_EXERCISE_
Below are some records; output exactly the lines from the line with "Vector swimming pool" to the line with "Лейтенант Червоної Армії", both ends kept, and nothing more.

+++ DATA UNDER STUDY

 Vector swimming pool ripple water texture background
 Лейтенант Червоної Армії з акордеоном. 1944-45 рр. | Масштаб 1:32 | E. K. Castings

++++++
+++ DATA UNDER STUDY

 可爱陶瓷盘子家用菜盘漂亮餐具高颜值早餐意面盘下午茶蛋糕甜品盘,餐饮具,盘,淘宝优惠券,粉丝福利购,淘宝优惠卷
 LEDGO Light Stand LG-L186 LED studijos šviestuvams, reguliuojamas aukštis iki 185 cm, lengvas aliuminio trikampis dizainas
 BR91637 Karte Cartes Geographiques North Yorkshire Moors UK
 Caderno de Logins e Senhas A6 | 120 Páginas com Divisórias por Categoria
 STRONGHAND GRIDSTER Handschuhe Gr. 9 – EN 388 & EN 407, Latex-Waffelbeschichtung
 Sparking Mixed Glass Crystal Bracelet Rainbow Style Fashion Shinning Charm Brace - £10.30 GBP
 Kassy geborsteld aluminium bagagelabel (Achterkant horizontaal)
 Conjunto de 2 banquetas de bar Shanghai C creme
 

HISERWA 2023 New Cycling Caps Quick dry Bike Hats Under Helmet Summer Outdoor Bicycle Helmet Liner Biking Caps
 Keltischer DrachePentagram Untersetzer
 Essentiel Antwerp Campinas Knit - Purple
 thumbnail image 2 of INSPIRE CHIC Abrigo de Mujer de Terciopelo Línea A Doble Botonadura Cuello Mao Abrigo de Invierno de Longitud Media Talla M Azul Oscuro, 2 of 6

++++++
+++ DATA UNDER STUDY

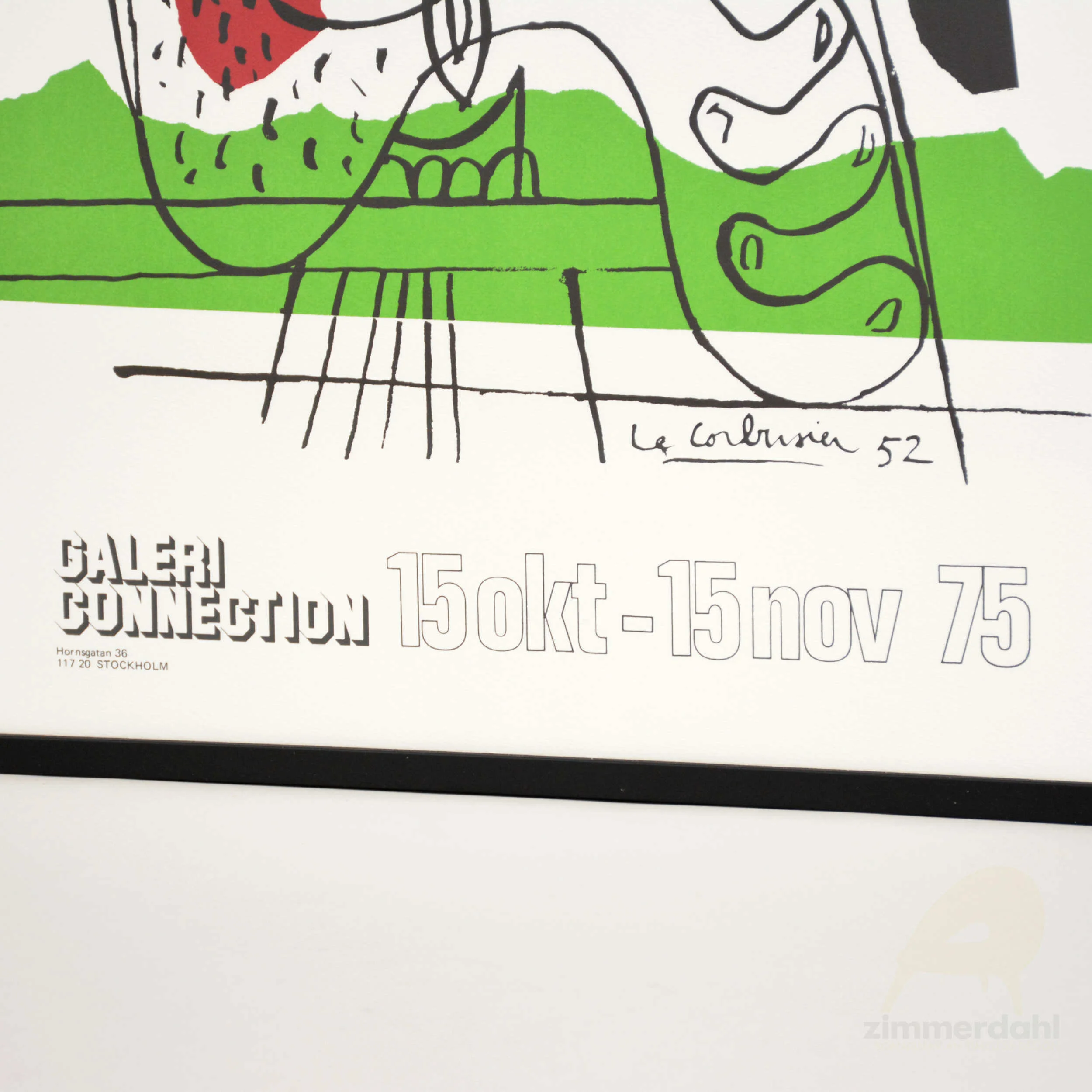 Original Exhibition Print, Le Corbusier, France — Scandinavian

++++++

_YOUR SOLUTION_
 Vector swimming pool ripple water texture background
 Лейтенант Червоної Армії з акордеоном. 1944-45 рр. | Масштаб 1:32 | E. K. Castings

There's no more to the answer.